Standing in the back row, L-R, are Ella Neve, HPD Chief Blair Myhand, Fatima Torres and Alan Guzman. Sheriff Lowell Griffin is at right, in back. Middle School students are among those with them. Photo by Pete Zamplas.

Henderson County – Alan Guzman knows first-hand the multi-level destruction of lives from drug addition; he saw what addiction did to his elder sister and their entire family.

Guzman is among dozens of student leaders who were at Hope Coalition’s anti-drug rally last Friday, outside the Henderson County Historic Courthouse. He, and two other student leaders, spoke after the rally with the Tribune.

Guzman is the student government president for Henderson County Career Academy. Ella Neve serves in the same role for the school system’s Early College program. Fatima Torres is Early College senior class president.
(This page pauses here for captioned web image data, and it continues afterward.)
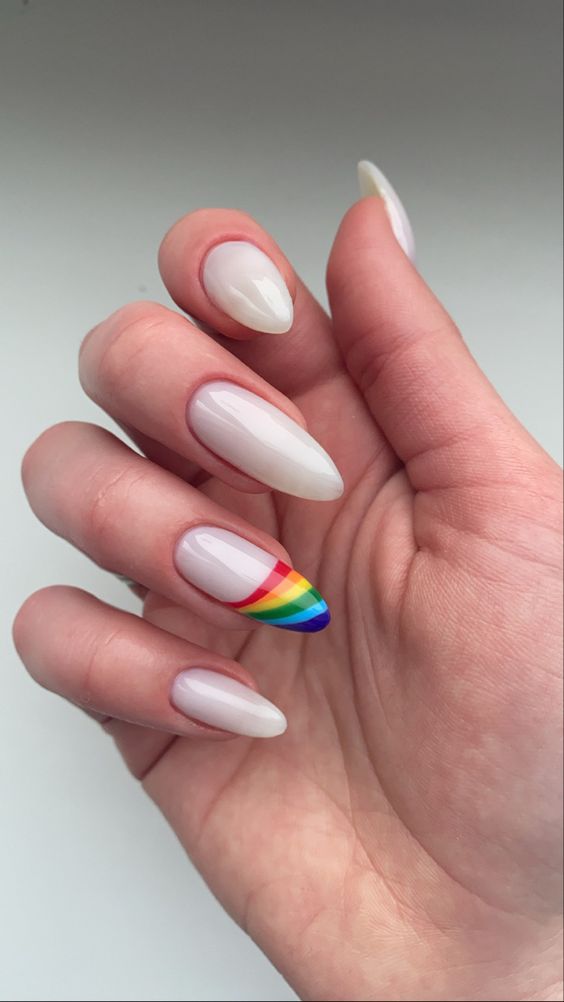 Spring Rainbow Nails 2024 15 Ideas: A Burst of Color and Creativity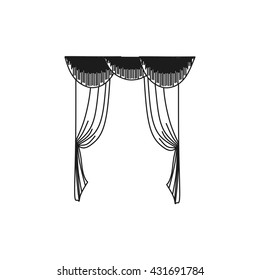  window decoration. curtains. interior textiles.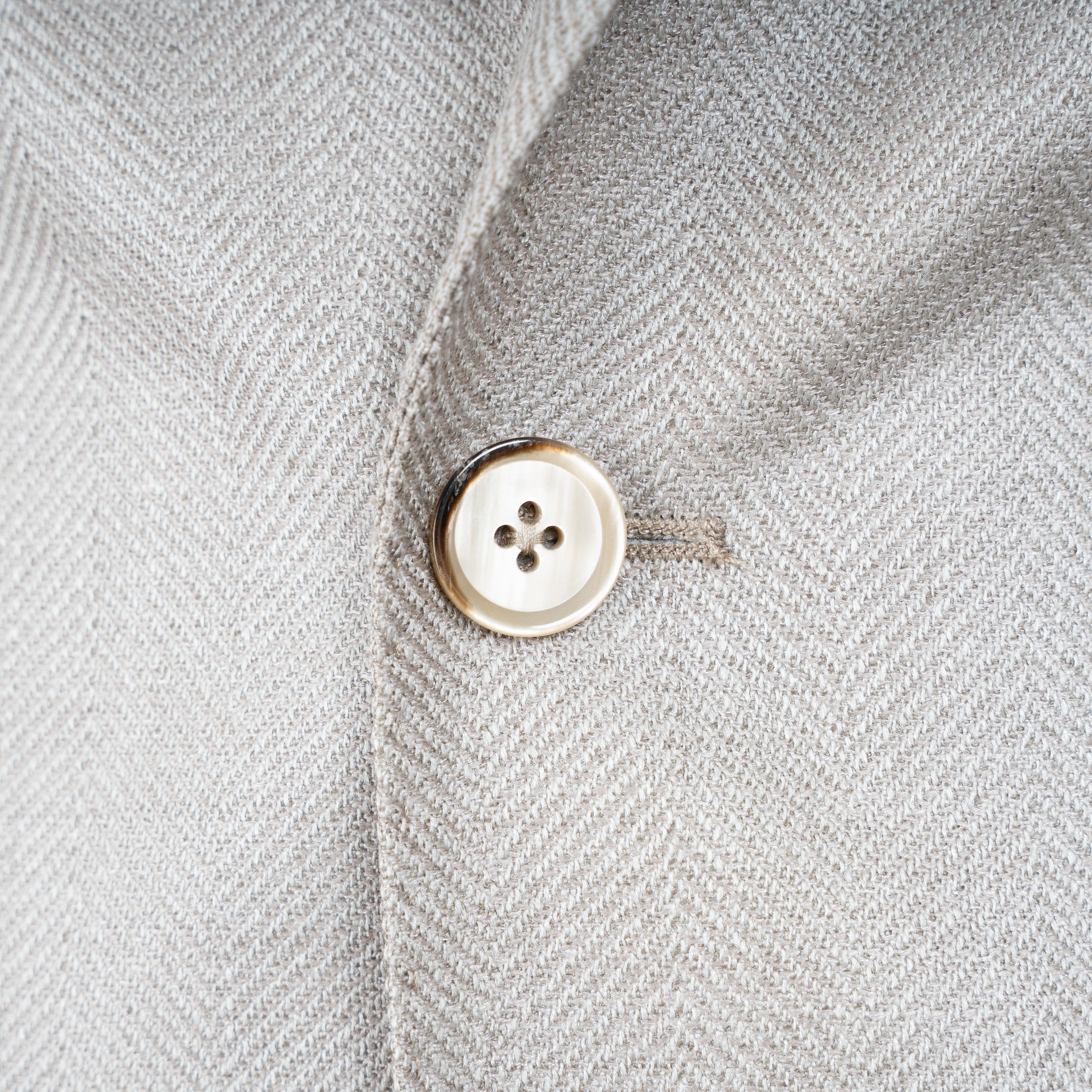 L.B.M. 1911 Colbert Visgraat Beige | Silk & Linnen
Shannon Auten is the principal of both programs, which are in the Innovative High Schools building at Blue Ridge Community College.

Asserting Selves

The three students were asked how they best handle peer pressure, such as if offered drugs at a party where most others are partaking.

Torres said she would simply “walk away,” rather than risk an argument by staying to try to explain her views then and there. She prefers to approach friends “when they’re not using,” and when away from their substance-using peers.

Her supportive message includes to think of one’s future, and not to “throw it away” with addiction and a potential long-lasting criminal record. She said, “many people don’t think of ‘what it can do to me.’’’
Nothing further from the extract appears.